In February, normal seasonal rainfall caused a significant run off from the quarry site into Wahpunga Creek. Despite an official warning, a subsequent run off occurred and Neilsen's were fined $2000.

Also in February, SCR Council was, according to published agenda items, supposed to debate the quarry situation. Instead, a staff-compiled report, (83 Kb) containing many errors of fact, was compressed into a few lines, presented to Council from Committee, and passed without debate. (25 Kb) Despite all Councillors being warned twice by email from a Kin Kin resident that the documents contained errors, no Councillor, to our knowledge, was willing to request any further investigation.

The size of the quarry (as it has been by Neilsen's) was represented as "small to medium", being described as having EPA approval for extraction UP TO 100,000 tonnes per annum. In fact, the quarry has EPA approval to extract up to 1 million tonnes per annum, which puts it in the high end of large production. Similarly, Council staff provided a map to Councillors which purported to show the location of the quarry, when in fact the arrow indicated the old Council quarry which is at the far northern extremity of the Neilsen's works plans and nowhere near the area shown by the landholder in his original application. The fact that they also, at the same time, supplied Councillors with a copy of Neilsen's works plans, which cover a different area of Lot 259 to that indicated on the Council map, seems to have escaped the notice of Councillors completely.

In July, our President wrote this letter to Premier Anna Bligh, pointing out the inconsistency between her rejection of a 2007 development application, mainly on the grounds of a lack of infrastructure and incompatibility with the rural nature of Kin Kin, and acceptance of this mega quarry which ticks all the same negative boxes.

Surely it is time our elected representatives began to take this matter seriously. Since 1987 there has been no opportunity for any member of the public to find out that a large commercial quarry was planned to be developed near Kin Kin.

  • No Noosa Plan, including the current one, has ever described the quarry or shown its location correctly on a map.
  • No normal Council searches would have discovered anything more than the original approval.
  • Specific written questions about the size and scope of the quarry met with misleading answers.
  • Councillors appear to have had little knowledge of the quarry, or any desire until recently to satisfy themselves regarding the problems we have raised about its proposed size and scope.

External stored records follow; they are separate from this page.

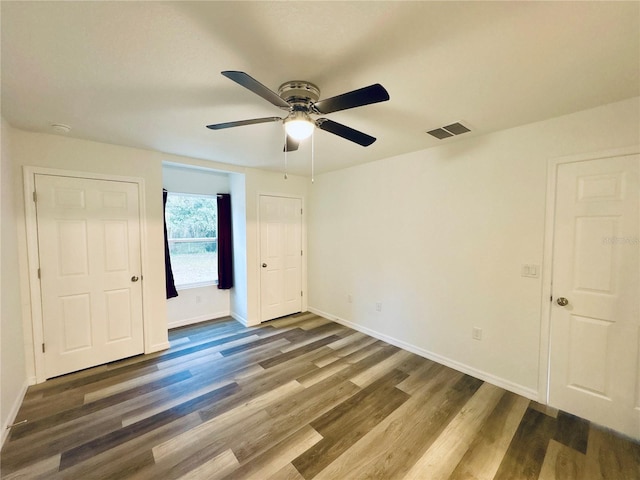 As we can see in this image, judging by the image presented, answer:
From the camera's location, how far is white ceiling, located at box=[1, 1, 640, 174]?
110 centimetres

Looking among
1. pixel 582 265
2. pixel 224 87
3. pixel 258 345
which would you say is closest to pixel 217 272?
pixel 258 345

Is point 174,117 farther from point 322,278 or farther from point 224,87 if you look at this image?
point 322,278

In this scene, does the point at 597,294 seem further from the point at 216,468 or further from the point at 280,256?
the point at 280,256

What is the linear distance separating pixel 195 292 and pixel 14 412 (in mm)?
2154

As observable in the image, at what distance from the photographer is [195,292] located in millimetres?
4086

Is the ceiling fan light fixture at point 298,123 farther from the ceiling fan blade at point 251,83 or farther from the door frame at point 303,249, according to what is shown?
the door frame at point 303,249

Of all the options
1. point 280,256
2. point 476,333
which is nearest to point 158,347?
point 280,256

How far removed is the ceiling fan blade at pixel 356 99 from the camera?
124 centimetres

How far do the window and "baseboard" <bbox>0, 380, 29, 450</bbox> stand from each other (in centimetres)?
181

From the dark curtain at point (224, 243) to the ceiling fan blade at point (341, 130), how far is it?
285 cm

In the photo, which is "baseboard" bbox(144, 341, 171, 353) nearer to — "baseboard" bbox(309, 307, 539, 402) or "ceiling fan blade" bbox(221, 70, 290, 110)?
"baseboard" bbox(309, 307, 539, 402)

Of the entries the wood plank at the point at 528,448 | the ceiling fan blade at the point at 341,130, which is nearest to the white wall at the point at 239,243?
the ceiling fan blade at the point at 341,130

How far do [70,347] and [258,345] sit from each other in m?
1.90

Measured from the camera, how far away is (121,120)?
2158mm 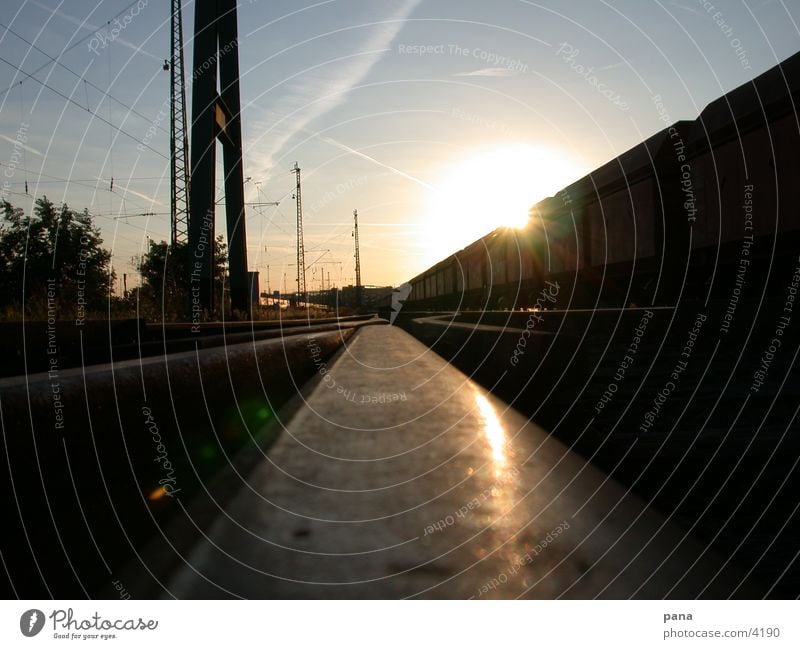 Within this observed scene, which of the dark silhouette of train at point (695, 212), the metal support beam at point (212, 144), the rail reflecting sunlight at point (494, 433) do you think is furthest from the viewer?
the metal support beam at point (212, 144)

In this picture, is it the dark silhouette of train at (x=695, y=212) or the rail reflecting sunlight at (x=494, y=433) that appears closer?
the rail reflecting sunlight at (x=494, y=433)

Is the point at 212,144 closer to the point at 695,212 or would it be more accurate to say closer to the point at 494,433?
the point at 695,212

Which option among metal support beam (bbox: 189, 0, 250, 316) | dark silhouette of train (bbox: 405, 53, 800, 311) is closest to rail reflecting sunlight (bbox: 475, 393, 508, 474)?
dark silhouette of train (bbox: 405, 53, 800, 311)

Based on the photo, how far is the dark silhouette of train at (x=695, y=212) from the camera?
275 inches

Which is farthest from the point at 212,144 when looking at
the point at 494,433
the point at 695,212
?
the point at 494,433

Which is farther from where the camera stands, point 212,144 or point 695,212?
point 212,144

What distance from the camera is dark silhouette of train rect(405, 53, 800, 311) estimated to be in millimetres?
6973

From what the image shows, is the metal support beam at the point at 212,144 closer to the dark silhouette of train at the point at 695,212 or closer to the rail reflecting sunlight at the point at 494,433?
the rail reflecting sunlight at the point at 494,433

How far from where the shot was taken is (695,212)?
907 cm

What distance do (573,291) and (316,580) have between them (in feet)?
41.1

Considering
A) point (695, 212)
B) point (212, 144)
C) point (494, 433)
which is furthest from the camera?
point (212, 144)

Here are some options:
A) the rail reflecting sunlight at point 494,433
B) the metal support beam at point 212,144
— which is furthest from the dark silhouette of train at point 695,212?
the metal support beam at point 212,144

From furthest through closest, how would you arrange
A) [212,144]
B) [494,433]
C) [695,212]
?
[212,144]
[695,212]
[494,433]

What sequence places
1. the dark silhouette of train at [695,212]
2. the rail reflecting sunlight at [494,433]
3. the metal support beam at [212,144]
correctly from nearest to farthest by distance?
the rail reflecting sunlight at [494,433]
the dark silhouette of train at [695,212]
the metal support beam at [212,144] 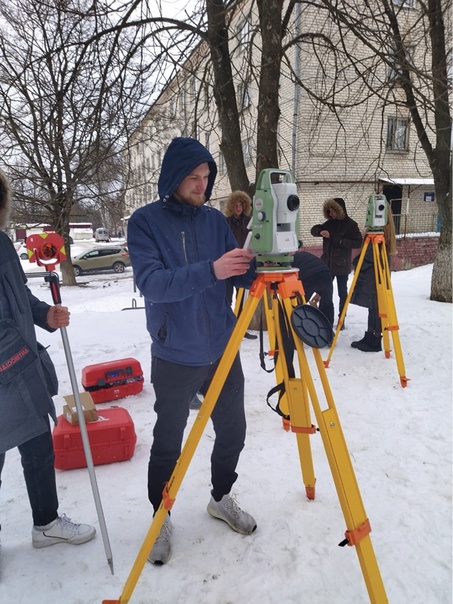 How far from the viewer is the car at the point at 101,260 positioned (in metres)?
17.9

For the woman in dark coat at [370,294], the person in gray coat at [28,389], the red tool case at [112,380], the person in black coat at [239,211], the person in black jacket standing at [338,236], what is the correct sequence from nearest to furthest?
the person in gray coat at [28,389] < the red tool case at [112,380] < the woman in dark coat at [370,294] < the person in black coat at [239,211] < the person in black jacket standing at [338,236]

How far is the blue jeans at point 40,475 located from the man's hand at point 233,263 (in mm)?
1086

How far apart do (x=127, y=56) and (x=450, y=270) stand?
5.53 metres

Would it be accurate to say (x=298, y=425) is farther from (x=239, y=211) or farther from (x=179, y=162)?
(x=239, y=211)

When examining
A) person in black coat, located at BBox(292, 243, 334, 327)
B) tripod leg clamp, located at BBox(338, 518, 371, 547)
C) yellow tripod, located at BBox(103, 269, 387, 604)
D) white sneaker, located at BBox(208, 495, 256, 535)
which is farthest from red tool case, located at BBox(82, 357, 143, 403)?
tripod leg clamp, located at BBox(338, 518, 371, 547)

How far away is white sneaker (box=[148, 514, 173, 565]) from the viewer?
1.78 m

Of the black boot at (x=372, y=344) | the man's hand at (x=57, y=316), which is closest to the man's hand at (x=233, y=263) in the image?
the man's hand at (x=57, y=316)

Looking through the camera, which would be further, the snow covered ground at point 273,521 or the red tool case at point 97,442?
the red tool case at point 97,442

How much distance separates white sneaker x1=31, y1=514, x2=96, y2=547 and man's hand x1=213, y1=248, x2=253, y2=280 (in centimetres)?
147

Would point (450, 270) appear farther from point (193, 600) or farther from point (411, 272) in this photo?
point (193, 600)

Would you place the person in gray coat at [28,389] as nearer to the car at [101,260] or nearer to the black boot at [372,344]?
the black boot at [372,344]

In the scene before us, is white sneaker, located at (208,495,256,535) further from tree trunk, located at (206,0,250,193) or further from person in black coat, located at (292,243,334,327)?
tree trunk, located at (206,0,250,193)

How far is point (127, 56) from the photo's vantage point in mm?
4422

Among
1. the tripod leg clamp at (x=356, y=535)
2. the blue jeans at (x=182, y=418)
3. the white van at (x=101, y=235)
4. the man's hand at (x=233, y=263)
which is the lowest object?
the tripod leg clamp at (x=356, y=535) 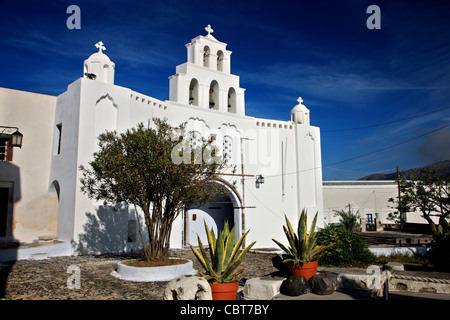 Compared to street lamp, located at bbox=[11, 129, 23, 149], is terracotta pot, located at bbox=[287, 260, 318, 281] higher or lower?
lower

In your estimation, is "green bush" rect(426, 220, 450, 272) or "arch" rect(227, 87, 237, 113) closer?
"green bush" rect(426, 220, 450, 272)

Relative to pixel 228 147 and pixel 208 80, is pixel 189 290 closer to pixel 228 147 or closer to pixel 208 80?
pixel 228 147

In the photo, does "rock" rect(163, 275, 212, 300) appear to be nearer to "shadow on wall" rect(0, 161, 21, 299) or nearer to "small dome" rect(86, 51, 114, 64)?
"shadow on wall" rect(0, 161, 21, 299)

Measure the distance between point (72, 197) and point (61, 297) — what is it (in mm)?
6683

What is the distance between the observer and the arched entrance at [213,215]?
20.1 meters

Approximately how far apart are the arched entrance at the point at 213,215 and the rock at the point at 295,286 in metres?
12.0

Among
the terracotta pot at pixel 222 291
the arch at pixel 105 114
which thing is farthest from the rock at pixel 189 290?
the arch at pixel 105 114

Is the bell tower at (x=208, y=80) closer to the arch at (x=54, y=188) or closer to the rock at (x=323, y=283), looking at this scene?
the arch at (x=54, y=188)

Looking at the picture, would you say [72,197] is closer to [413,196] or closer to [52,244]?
[52,244]

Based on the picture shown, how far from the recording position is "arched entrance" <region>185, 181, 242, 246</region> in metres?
20.1

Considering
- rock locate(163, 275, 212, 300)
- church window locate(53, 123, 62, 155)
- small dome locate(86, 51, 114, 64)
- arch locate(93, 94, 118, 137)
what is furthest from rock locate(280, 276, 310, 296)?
small dome locate(86, 51, 114, 64)

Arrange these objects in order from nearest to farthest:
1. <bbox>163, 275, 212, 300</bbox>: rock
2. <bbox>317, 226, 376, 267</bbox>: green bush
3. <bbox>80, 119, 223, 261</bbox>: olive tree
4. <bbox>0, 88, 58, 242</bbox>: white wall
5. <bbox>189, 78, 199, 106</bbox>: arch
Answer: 1. <bbox>163, 275, 212, 300</bbox>: rock
2. <bbox>80, 119, 223, 261</bbox>: olive tree
3. <bbox>317, 226, 376, 267</bbox>: green bush
4. <bbox>0, 88, 58, 242</bbox>: white wall
5. <bbox>189, 78, 199, 106</bbox>: arch

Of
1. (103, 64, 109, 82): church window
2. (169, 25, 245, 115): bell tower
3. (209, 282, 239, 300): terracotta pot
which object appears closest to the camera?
(209, 282, 239, 300): terracotta pot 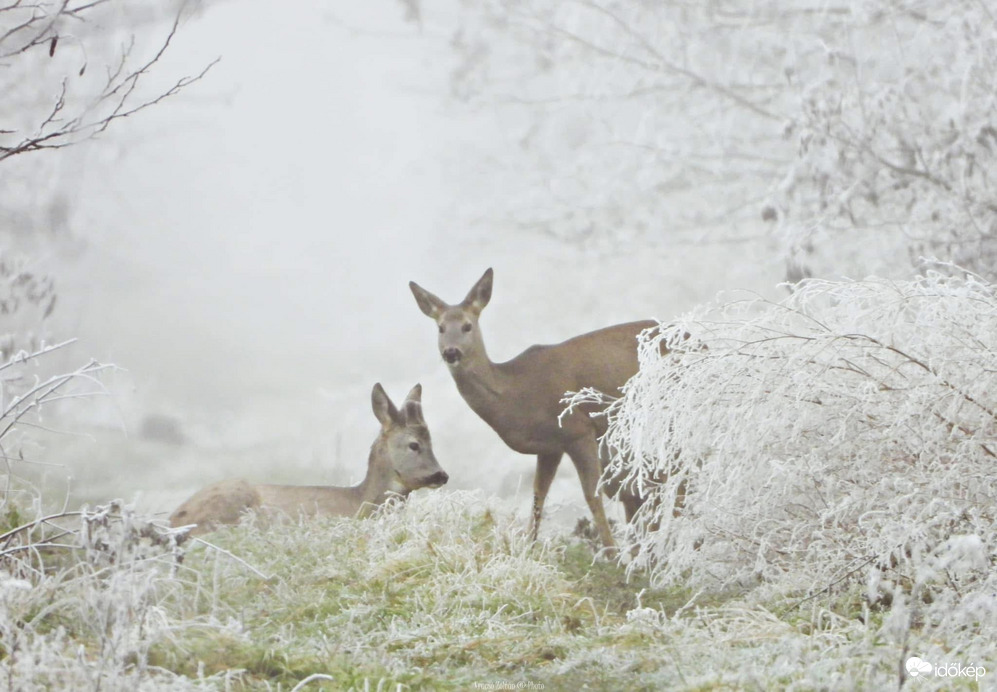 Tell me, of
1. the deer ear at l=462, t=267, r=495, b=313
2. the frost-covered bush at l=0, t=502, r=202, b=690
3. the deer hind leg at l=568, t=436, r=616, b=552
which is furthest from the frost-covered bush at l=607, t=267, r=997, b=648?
the frost-covered bush at l=0, t=502, r=202, b=690

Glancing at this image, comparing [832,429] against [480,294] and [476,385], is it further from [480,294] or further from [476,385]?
[480,294]

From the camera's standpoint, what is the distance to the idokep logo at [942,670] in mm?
2650

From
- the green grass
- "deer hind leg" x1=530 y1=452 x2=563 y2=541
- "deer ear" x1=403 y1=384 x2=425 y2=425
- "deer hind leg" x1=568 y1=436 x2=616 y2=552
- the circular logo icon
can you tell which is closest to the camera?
the circular logo icon

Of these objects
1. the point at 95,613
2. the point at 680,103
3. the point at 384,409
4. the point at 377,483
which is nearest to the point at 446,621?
the point at 95,613

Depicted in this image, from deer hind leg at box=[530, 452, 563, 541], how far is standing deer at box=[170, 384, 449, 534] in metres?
0.40

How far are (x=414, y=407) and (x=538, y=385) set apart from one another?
60cm

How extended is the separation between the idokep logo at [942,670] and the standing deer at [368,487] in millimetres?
2661

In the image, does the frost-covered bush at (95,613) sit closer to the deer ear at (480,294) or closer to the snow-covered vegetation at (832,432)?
the snow-covered vegetation at (832,432)

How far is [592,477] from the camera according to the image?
4.91 metres

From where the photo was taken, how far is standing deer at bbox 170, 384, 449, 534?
4996mm

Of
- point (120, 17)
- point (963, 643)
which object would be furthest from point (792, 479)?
point (120, 17)

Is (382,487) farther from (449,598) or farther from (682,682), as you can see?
(682,682)

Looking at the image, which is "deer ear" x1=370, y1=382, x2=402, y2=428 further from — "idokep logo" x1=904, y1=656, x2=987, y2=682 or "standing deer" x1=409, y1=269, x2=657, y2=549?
"idokep logo" x1=904, y1=656, x2=987, y2=682

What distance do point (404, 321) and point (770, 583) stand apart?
2.63m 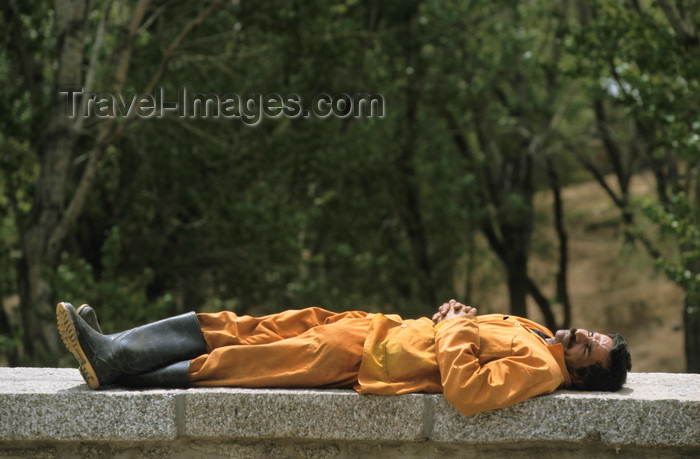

On 10th August we wrote to all Sunshine Coast Regional Council Councillors to try to bring them up to date with the situation which has been allowed to develop here and seeking their leadership in solving the dilemma.

Following intensive lobbying by dozens of Kin Kin Community Group members and supporters over several weeks, the Sunshine Coast Regional Council voted unanimously on 15th September to issue a Show Cause Notice to the quarry operators. The actual resolution, following a confidential closed discussion by Council, reads:

Council Resolution (OM10/256)
Moved: Councillor R Abbot
Seconded: Councillor L Brennan
That Council:
(a) note the advice of the current status of the application from the Kin Kin Community Group to the Planning and Environment Court; and
(b) further note that officers are preparing a Show Cause Notice for issue to the operators of the Extractive Industry, 105 Sheppersons Lane, Kin Kin, regarding outstanding planning matters.
Carried unanimously.

The Show Cause Notice was issued by the Council for alleged non-compliance with certain conditions of the 2003 extension. The operators had a limited time within which to respond to the notice. Council officers have advised that the Show Cause Notice was challenged by Neilsens on legal grounds and revoked. Although not all the conditions required under the Show Cause Notice have been met, SCRC has not issued a new Show Cause Notice. The council resolution requiring officers to do so has therefore failed and been ignored.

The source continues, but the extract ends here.